Since its inception in 2014, AMP Robotics has emerged as a pioneer in AI-driven waste management solutions. The company's AI platform has reportedly identified 150 billion items and facilitated the sorting of more than 2.5 million tons of recyclables. With three full-scale facilities and over 400 AI systems deployed across North America, Asia, and Europe, AMP Robotics is working to modernize and transform the economics of resource recovery.
The core of AMP Robotics' technology lies in its AI software, which employs deep learning to continually train itself. By analyzing millions of images of materials, the AI can recognize patterns based on colors, textures, shapes, sizes, and logos. This enables real-time identification of recyclables and contaminants, paving the way for new offtake chemistries and capabilities.
Initially, the company's offerings focused on sorting robots that required minimal retrofitting for integration into existing recycling facilities. Over time, AMP Robotics has advanced its solutions to develop facilities that necessitate almost no manual sorting, ensuring reliability and providing what they describe as "pervasive data." The AMP ONE system stands as a full-scale facility solution to manage a variety of material streams, capturing value that would otherwise be lost to landfills or incineration.

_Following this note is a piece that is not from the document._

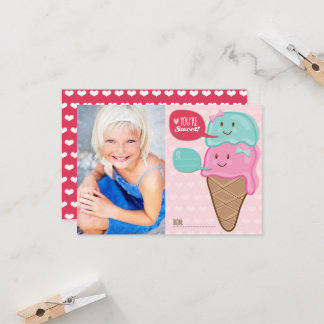 Invitation Cute Ice Cream Classe Enfants Valentine Photo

A recent example of AMP ONE's effectiveness is its deployment at Recycling and Disposal Solutions in Portsmouth, Va., showcasing its capacity to cost-effectively process municipal solid waste. This facility handles 150 tons of local waste daily while maintaining over 90% uptime.

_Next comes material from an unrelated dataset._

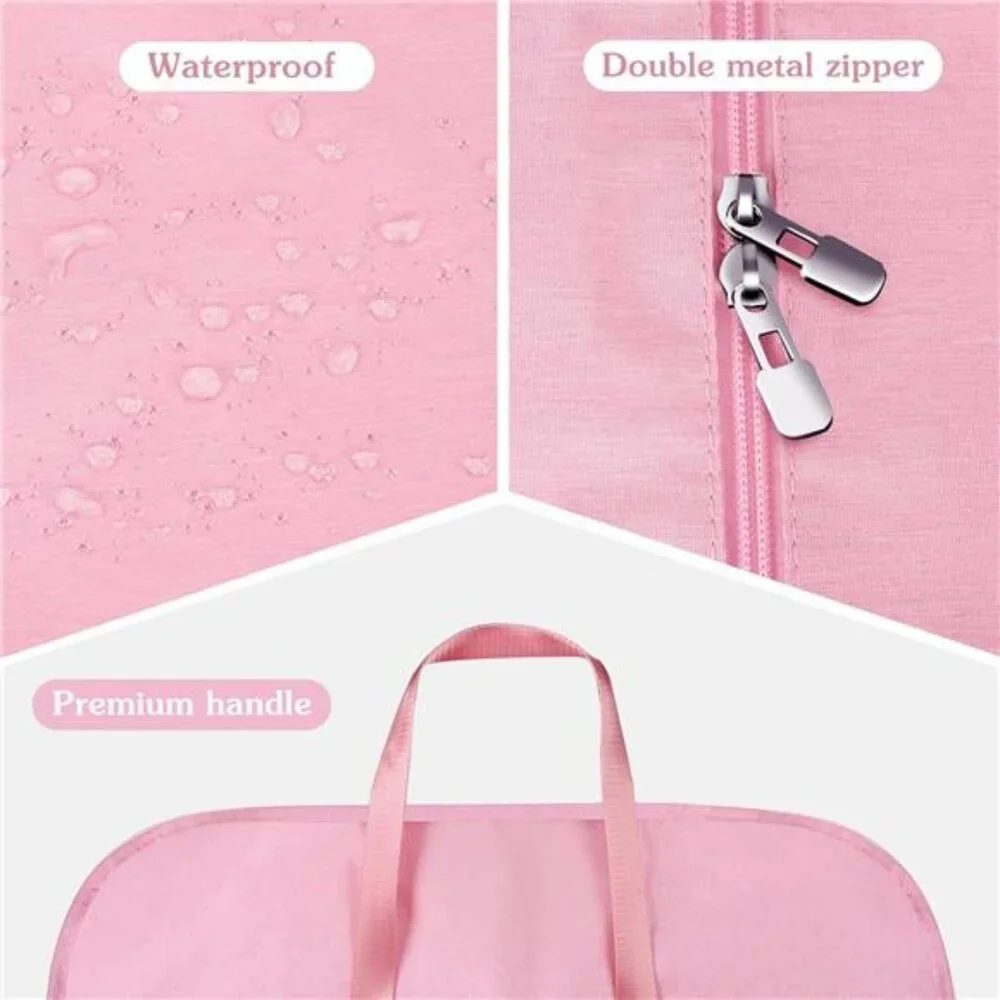 Heavy Duty Waterproof Garment Bag Travel Suit Tuxedo Coat Dress Foldable Pink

More recently, AMP Robotics formed a partnership with Waste Connections Inc., which involved equipping and managing a single-stream recycling facility in Colorado. "AMP provides meaningfully lower-cost, higher-performance systems to recover commodities and increase landfill diversion, and we’re uniquely positioned to reshape the waste and recycling landscape at a critical time," stated Tim Stuart, the newly appointed CEO of AMP Robotics.
This funding round was led by Congruent Ventures, with participation from both existing and new investors, including Sequoia Capital, XN, Blue Earth Capital, Liberty Mutual Investments, the California State Teachers' Retirement System (CalSTRS), Wellington Management, Range Ventures, and Tao Capital Partners. Congruent Ventures, known for its focus on early-stage ventures addressing climate and sustainability challenges, expressed confidence in AMP's potential to reshape waste management. "AMP’s AI sortation systems enable consumers to recycle both with and without curbside separation and communities to benefit from the recovery of recycled commodities while reducing dependence on landfills," noted Abe Yokell, co-founder and managing partner of Congruent Ventures.
With this substantial investment, AMP Robotics aims to drive significant advancements in sustainable materials management, ultimately diverting billions of tons of recyclable materials from landfills and helping to mitigate environmental impacts.